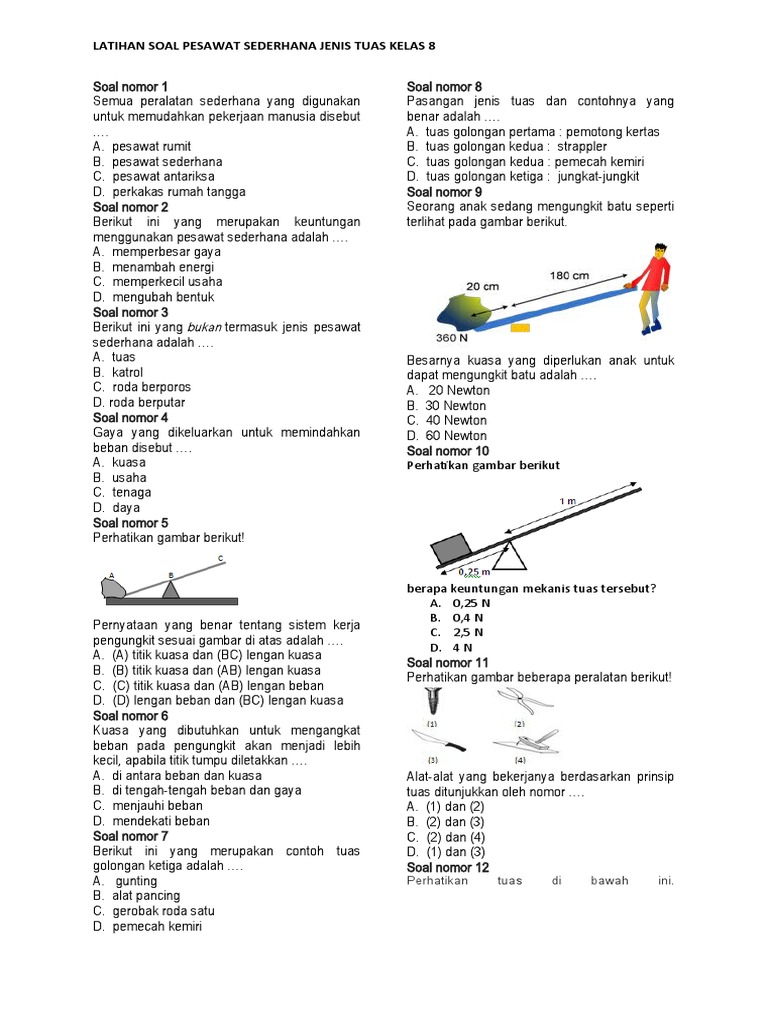 Soal Latihan Tuas Kelas 8 | PDF | Metode & Bahan Ajar | Sains & Matematika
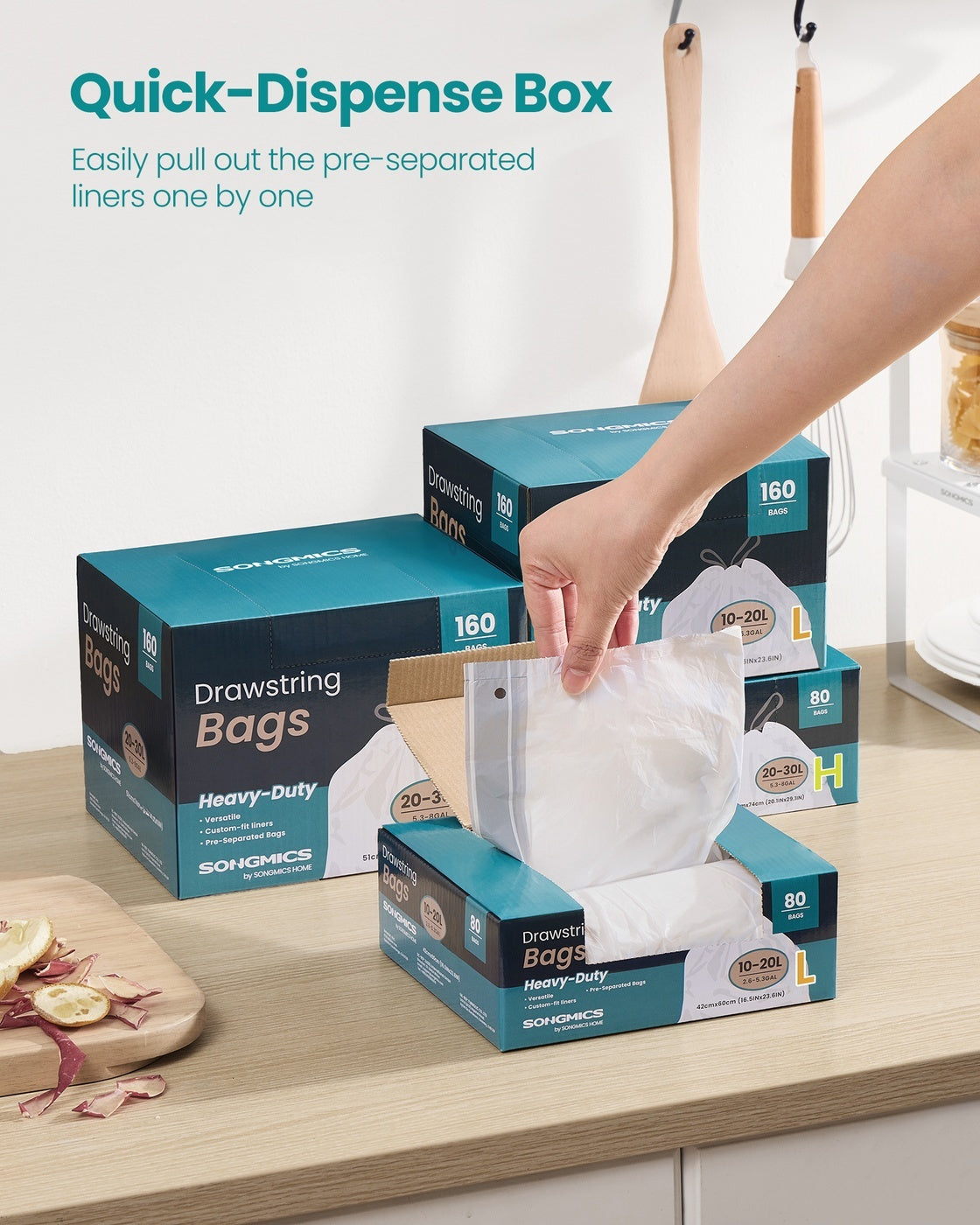 Heavy-Duty Garbage Bags With Drawstrings - product photo 04
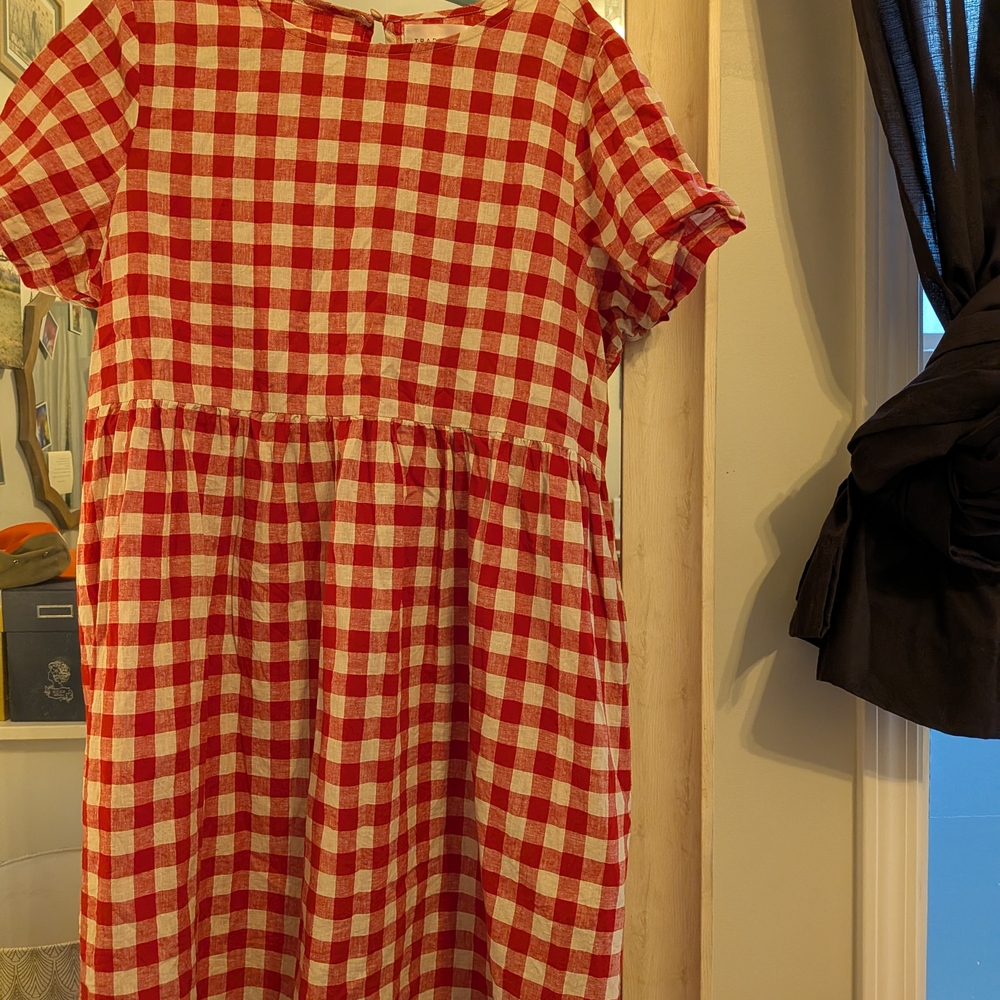Tradlands Red and White Checkered  Dress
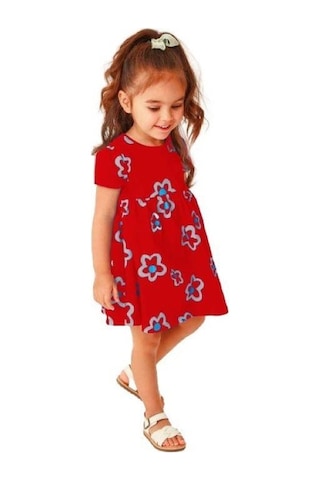 Çiçekli Kız Çocuk Elbise 001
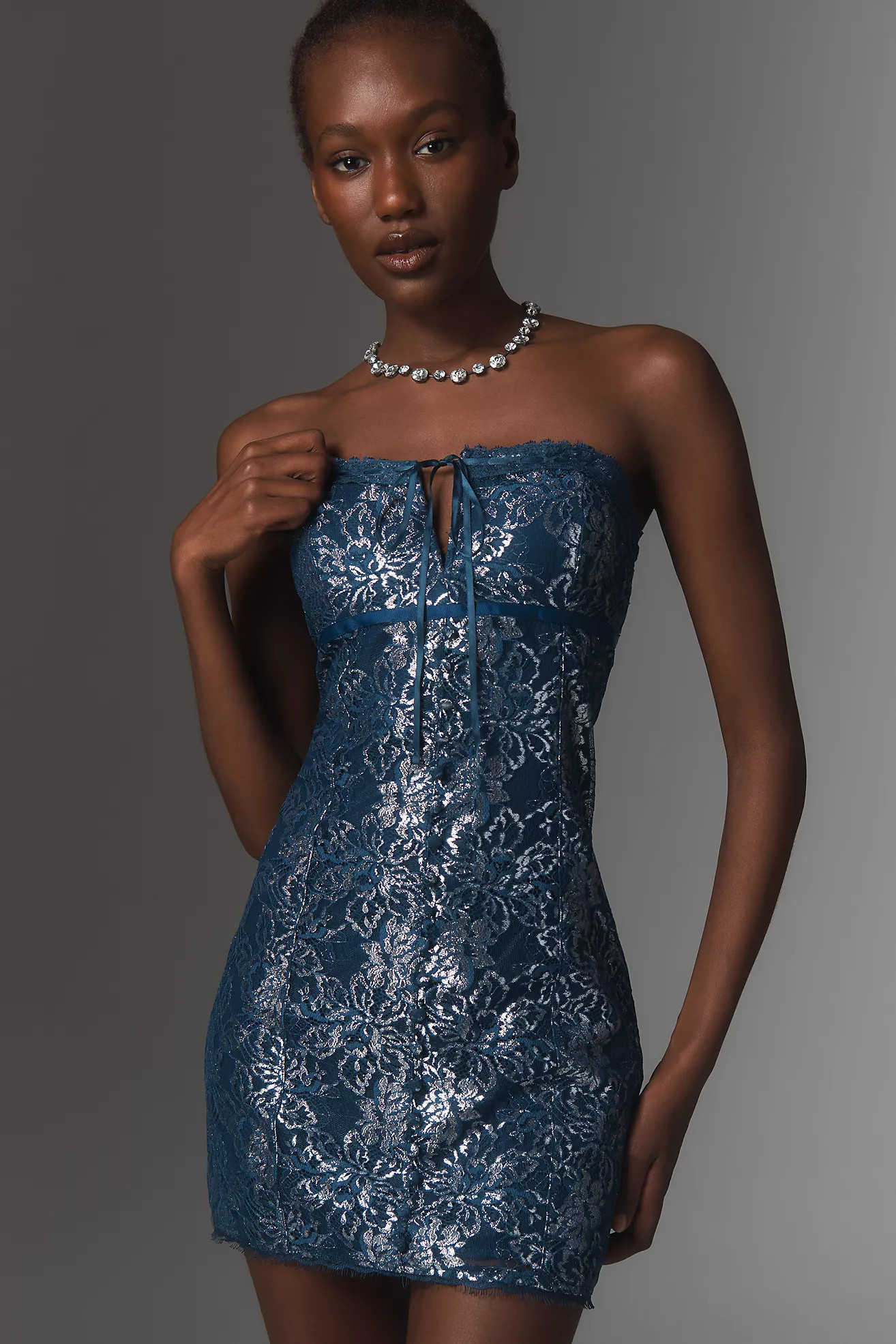 Maeve Strapless Metallic Mini Dress | Anthropologie (US)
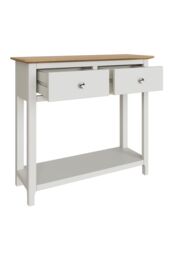 FWStyle 2 Drawer Console Table White Linen Large Oak Top Painted Finish - thumbnail 3
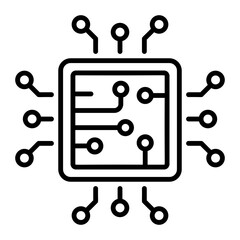 An outline style icon of ai chip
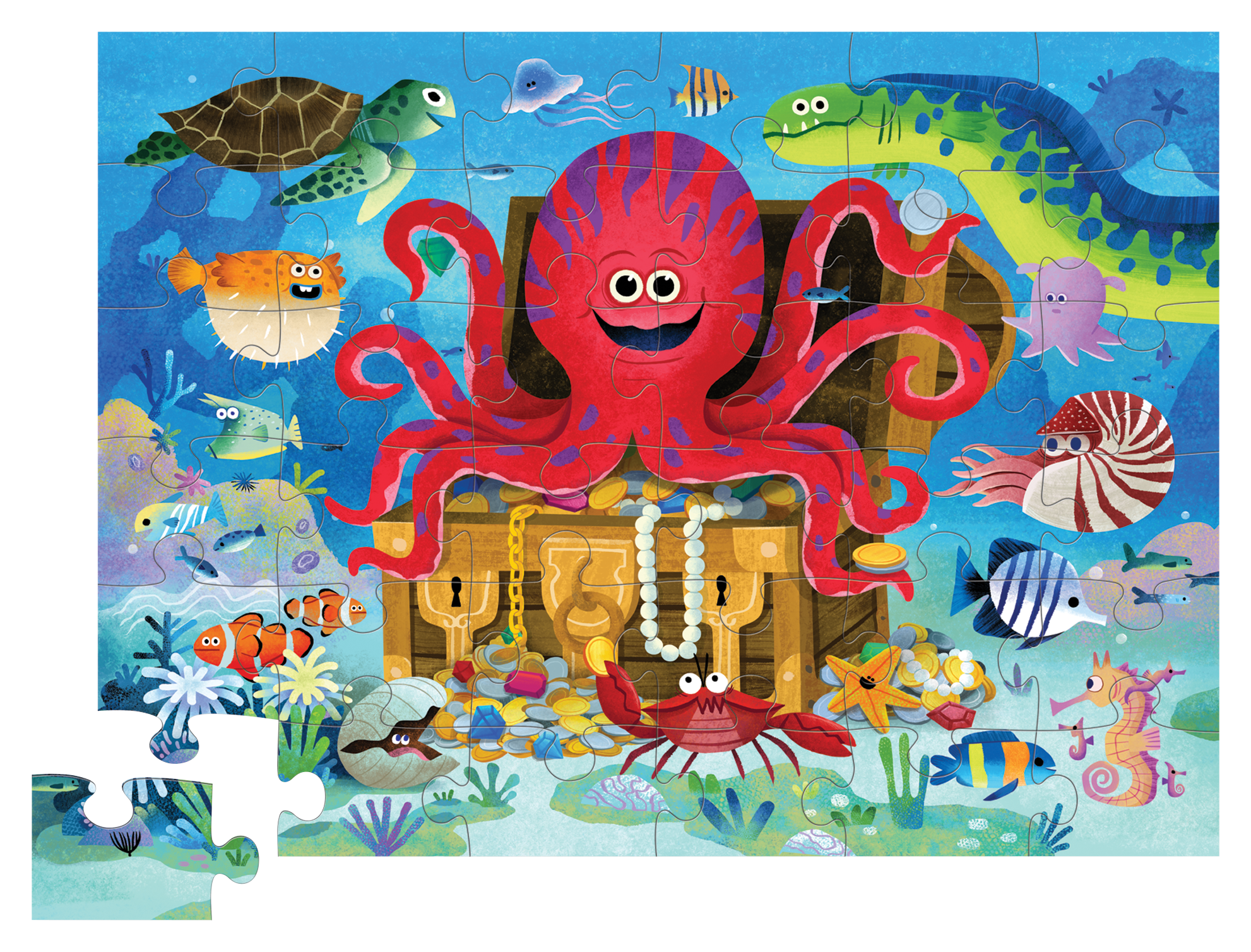 CROCODILE CREEK OCTOPUS TREASURE 36PC FLOOR PUZZLE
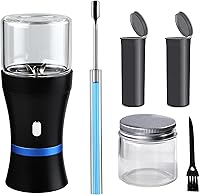 Vista 6 de Spacenight Molinillo eléctrico de hierbas compacto para capullos de flores, recargable por USB, 2 cámaras de vidrio de 1.7 onzas, ideal para llevar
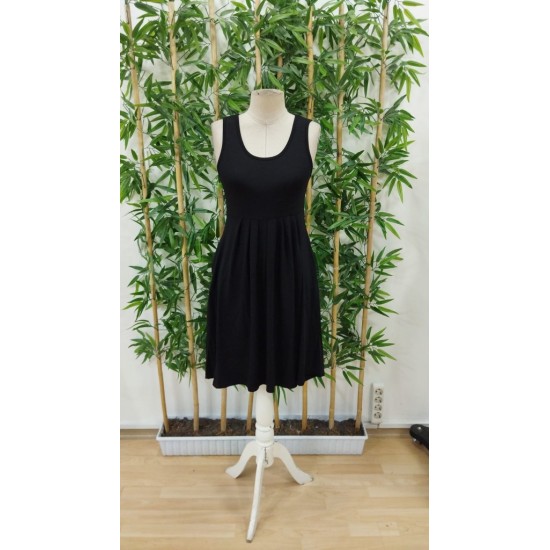 Women' S Strappy Round Neck Front Pleated Viscose Dress , 24345 Women' S Strappy Round Neck Front Pleated Viscose Dress , 24345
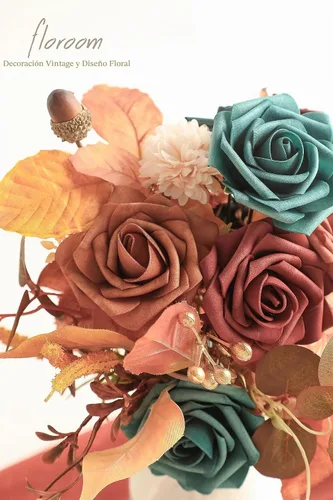 Vista 4 de Floroom Flores artificiales, 25 piezas de rosas falsas de espuma de color verde azulado de aspecto real con tallos para bricolaje, ramos de boda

**What you have to do:** Write the records out again exactly as shown above, keeping no pictures.

**Result of this exercise:**
 Soal Latihan Tuas Kelas 8 | PDF | Metode & Bahan Ajar | Sains & Matematika
 Heavy-Duty Garbage Bags With Drawstrings - product photo 04
Tradlands Red and White Checkered  Dress
 Çiçekli Kız Çocuk Elbise 001
 Maeve Strapless Metallic Mini Dress | Anthropologie (US)
 FWStyle 2 Drawer Console Table White Linen Large Oak Top Painted Finish - thumbnail 3
 An outline style icon of ai chip
 CROCODILE CREEK OCTOPUS TREASURE 36PC FLOOR PUZZLE
 Vista 6 de Spacenight Molinillo eléctrico de hierbas compacto para capullos de flores, recargable por USB, 2 cámaras de vidrio de 1.7 onzas, ideal para llevar
 Women' S Strappy Round Neck Front Pleated Viscose Dress , 24345 Women' S Strappy Round Neck Front Pleated Viscose Dress , 24345
 Vista 4 de Floroom Flores artificiales, 25 piezas de rosas falsas de espuma de color verde azulado de aspecto real con tallos para bricolaje, ramos de boda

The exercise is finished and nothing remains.